What is expected - Output every line below exactly, please, omitting pictures.

Information provided -
◆ ◆ ◆ ◆ ◆ ◆ ◆

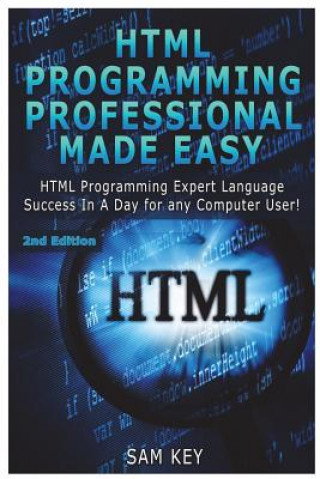Book HTML Programming Professional Made Easy: Expert HTML Programming Language Success in a Day for Any Computer Users Sam Key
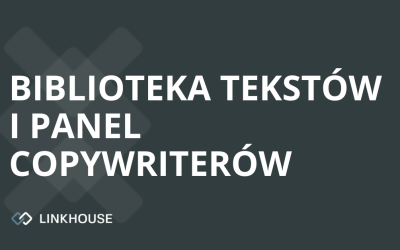 Biblioteka Tekstów i Panel Copywriterów – zupełnie nowe moduły w Linkhouse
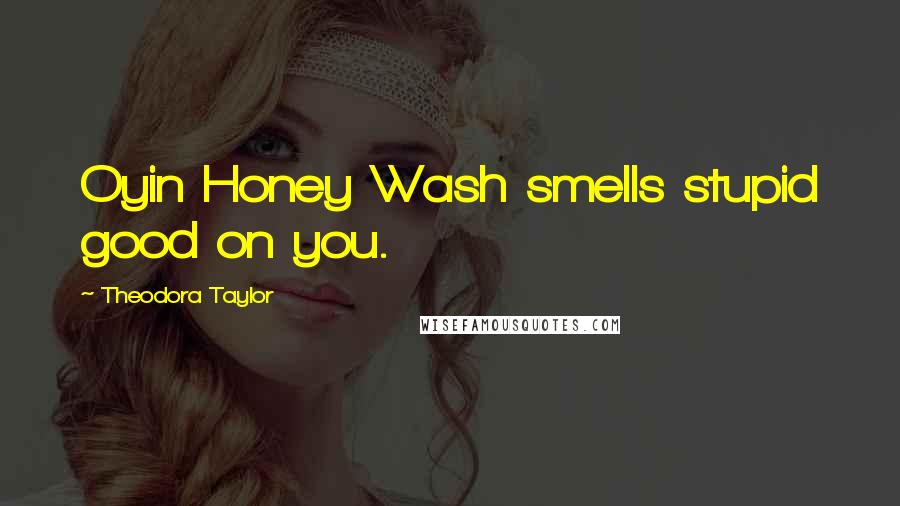 Theodora Taylor Quotes: Oyin Honey Wash smells stupid good on you.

◆ ◆ ◆ ◆ ◆ ◆ ◆

Written solution -
Book HTML Programming Professional Made Easy: Expert HTML Programming Language Success in a Day for Any Computer Users Sam Key
 Biblioteka Tekstów i Panel Copywriterów – zupełnie nowe moduły w Linkhouse
 Theodora Taylor Quotes: Oyin Honey Wash smells stupid good on you.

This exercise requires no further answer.